Canadian constitutional law is the area of Canadian law relating to the interpretation and application of the Constitution of Canada by the courts. All laws of Canada, both provincial and federal, must conform to the Constitution and any laws inconsistent with the Constitution have no force or effect.
In Reference re Secession of Quebec, the Supreme Court characterized four fundamental and organizing principles of the Constitution (though not exhaustive): federalism; democracy; constitutionalism and the rule of law; and respect for minorities.
Under the authority of section 52(1) of the Constitution Act, 1982, courts may review all matters of law. Accordingly, the courts have a broad reaching scope of competence. Constitutional issues come before the court through disputes between parties as well as through reference questions. The court has the discretion to hear any Constitutional issues as long as there is a sufficient legal component. The US constitutional political questions doctrine was rejected and so a political dimension to the issue does not bar it from court.

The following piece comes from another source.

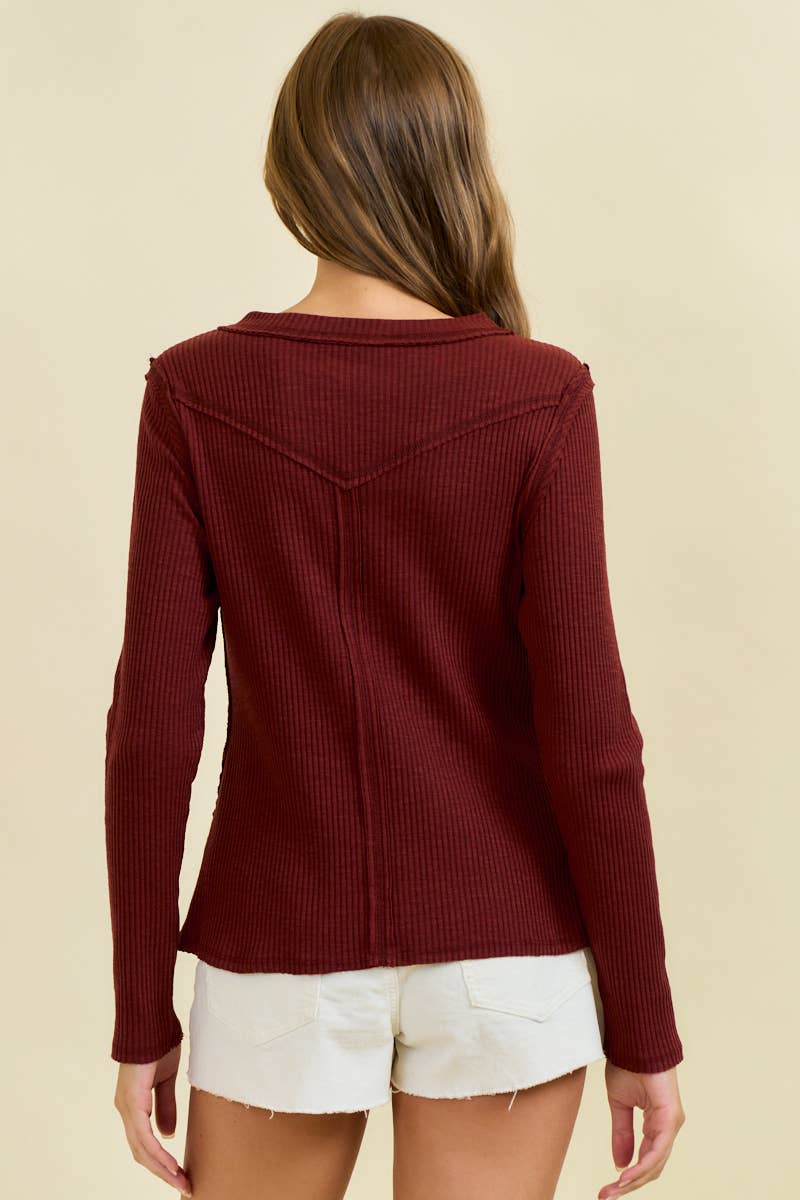 Doe and Rae Western Yoke Ribbed Long-Sleeve Tee — Cinnamon or Acorn Stretch Knit with Exposed Seams - Rooted & Reckless Co.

Courts must be careful when considering reference questions. They are required to be careful to only answer questions that are not speculative, of a purely political nature, or unripe. When answering the questions the court must retain its proper role within the constitutional framework.
A party must have standing (locus standi) to bring a constitutional challenge to the courts. Those who wish to challenge a law can do so in one of several ways. A party who is directly affected by the law that purports to be unconstitutional has standing . Likewise, rights holder may challenge any law that will limit any of their rights. Those who are not protected by a right but are nonetheless prosecuted by that law may challenge it as well.